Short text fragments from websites
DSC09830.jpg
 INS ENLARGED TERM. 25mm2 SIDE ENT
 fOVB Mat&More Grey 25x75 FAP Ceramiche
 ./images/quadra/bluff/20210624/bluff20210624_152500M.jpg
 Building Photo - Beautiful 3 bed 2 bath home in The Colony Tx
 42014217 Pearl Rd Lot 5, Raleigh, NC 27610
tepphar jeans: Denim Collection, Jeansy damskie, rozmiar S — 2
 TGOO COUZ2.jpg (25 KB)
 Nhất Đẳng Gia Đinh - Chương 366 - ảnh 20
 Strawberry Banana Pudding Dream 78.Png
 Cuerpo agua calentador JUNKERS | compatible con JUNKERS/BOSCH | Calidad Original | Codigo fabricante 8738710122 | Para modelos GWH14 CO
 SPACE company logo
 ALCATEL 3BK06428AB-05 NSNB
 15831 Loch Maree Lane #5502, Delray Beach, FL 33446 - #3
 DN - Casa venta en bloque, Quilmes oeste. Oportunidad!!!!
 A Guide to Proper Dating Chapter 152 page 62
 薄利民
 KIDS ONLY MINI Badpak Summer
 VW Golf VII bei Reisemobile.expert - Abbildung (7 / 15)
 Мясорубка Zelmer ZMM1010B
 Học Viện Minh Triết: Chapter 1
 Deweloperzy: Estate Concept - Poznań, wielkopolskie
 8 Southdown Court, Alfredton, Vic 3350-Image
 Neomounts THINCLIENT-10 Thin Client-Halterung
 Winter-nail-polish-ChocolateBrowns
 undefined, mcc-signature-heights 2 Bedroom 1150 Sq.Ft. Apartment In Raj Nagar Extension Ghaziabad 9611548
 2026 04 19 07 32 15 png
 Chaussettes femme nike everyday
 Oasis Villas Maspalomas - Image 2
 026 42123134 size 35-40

→ TASK STATEMENT
Lines in the records above that carry the word "Chapter" are to be located and copied.

→ EXPECTED ANSWER
 A Guide to Proper Dating Chapter 152 page 62
 Học Viện Minh Triết: Chapter 1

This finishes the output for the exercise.